A study by Clifford W. Colwell, Jr, Mark I. Froimson, Michael A. Mont, Merrill A. Ritter, Robert T. Trousdale, Knute C. Buehler, Andrew Spitzer, Thomas K. Donaldson and Douglas E. Padgett
Thromboembolic disease is a common complication of total hip arthroplasty. The purpose of this study was to compare a new mobile compression device with low-molecular-weight heparin with regard to their safety and effectiveness for the prevention of venous thromboembolic disease.

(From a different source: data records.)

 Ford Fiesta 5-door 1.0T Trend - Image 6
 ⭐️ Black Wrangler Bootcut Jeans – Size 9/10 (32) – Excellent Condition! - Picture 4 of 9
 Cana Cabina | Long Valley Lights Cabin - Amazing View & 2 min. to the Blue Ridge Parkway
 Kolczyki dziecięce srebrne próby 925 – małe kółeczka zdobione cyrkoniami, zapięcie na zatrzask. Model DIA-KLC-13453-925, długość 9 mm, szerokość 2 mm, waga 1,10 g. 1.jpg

Four hundred and ten patients (414 hips) were randomized; 392 of these patients (395 of the hips) were evaluable with regard to the safety of the intervention and 386 patients (389 hips) were evaluable with regard to its efficacy. Demographics were similar clinically between the groups. The rate of major bleeding events was 0% in the compression group and 6% in the low-molecular-weight heparin group. The rates of distal and proximal deep venous thrombosis were 3% and 2%, respectively, in the compression group compared with 3% and 1% in the heparin group. The rates of pulmonary embolism were 1% in the compression group and 1% in the heparin group, and there were no fatal pulmonary emboli. Within the twelve-week follow-up period, two events (one deep venous thrombosis and one pulmonary embolus) occurred in one patient in the compression group following negative findings on duplex ultrasonography on the twelfth postoperative day. There was no difference between the groups with regard to the prevalence of venous thromboembolism.
This study was published in The Journal of Bone and Joint Surgery.